Why Self-Awareness Is Key When You’re Considering a CEO Role

Mar. 29, 2016

DRG staff


Every professional wants to make advancements in his or her career. For some nonprofit executives, becoming the CEO or executive director of an organization is the emblem of success, but is the CEO role at the top of your ladder of success? Are you ready to take on all the responsibilities that come with the title?

Not being a CEO doesn’t mean that you’re not a spectacular leader with something to contribute to the nonprofit sector or organization, and saying “no” to the top job doesn’t mean that you aren’t reaching your greatest potential as a nonprofit professional.Bestselling leadership author Bill George reminds us that being authentic and exercising self-awareness are the foundation for success in his recent article for the Huffington Post. According to George, “Leaders must undertake rigorous personal development and have multiple leadership experiences before they are prepared for major leadership assignments. Through these processes, they learn about themselves and how to lead diverse people through complex challenges.”

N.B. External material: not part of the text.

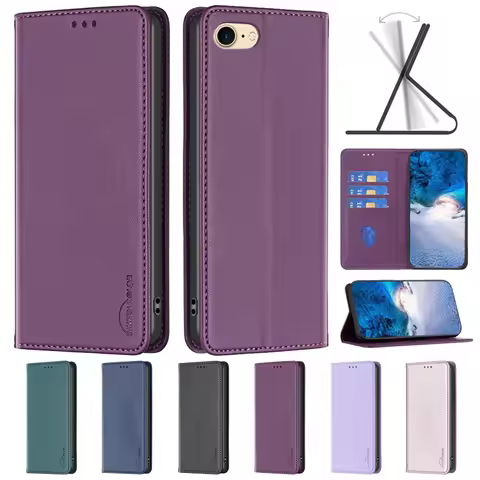 For iPhone SE 2022 Case Luxury Leather Flip Magnetic Phone Case on For Funda iphone SE 2022 2020 7 8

Are you at that point in your career?

Asking yourself the tough questions that are so easily evaded when you’re considering top-level, high-paying positions is important for your success and future. In order to determine if the opportunity is right for you, you’ll need to assess how the top position intersects with your personal life, goals, professional experiences and training.

In his popular 1998 article in the Harvard Business Review, “What Makes a Leader?,” Dr. Daniel Goleman, an internationally-recognized psychologist and author, remarked: “Someone who is highly self-aware knows where he is headed and why; so, for example, he will be able to be firm in turning down a job offer that is tempting financially but does not fit with his principles or long-term goals. A person who lacks self-awareness is apt to make decisions that bring on inner turmoil by treading on buried values.”

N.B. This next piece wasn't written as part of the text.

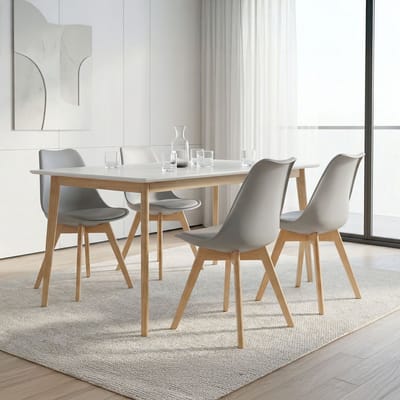 Homestyle4u Eetkamerstoel van Hout en Kunststof - Keukentoel - Grijs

Through self-assessments, some nonprofit professionals may find that their talent and ambitions are in another area in nonprofit, such as the director of development or chief operating officer roles. Even if the CEO or executive director position is a natural transition in your career, it’s still necessary to evaluate your strengths and weaknesses as well as your motivation for wanting to lead an organization.

Success isn’t determined solely by big job titles. To achieve personal and professional fulfillment, make sure that the role you choose to pursue will allow you to grow and become the best version of your professional self.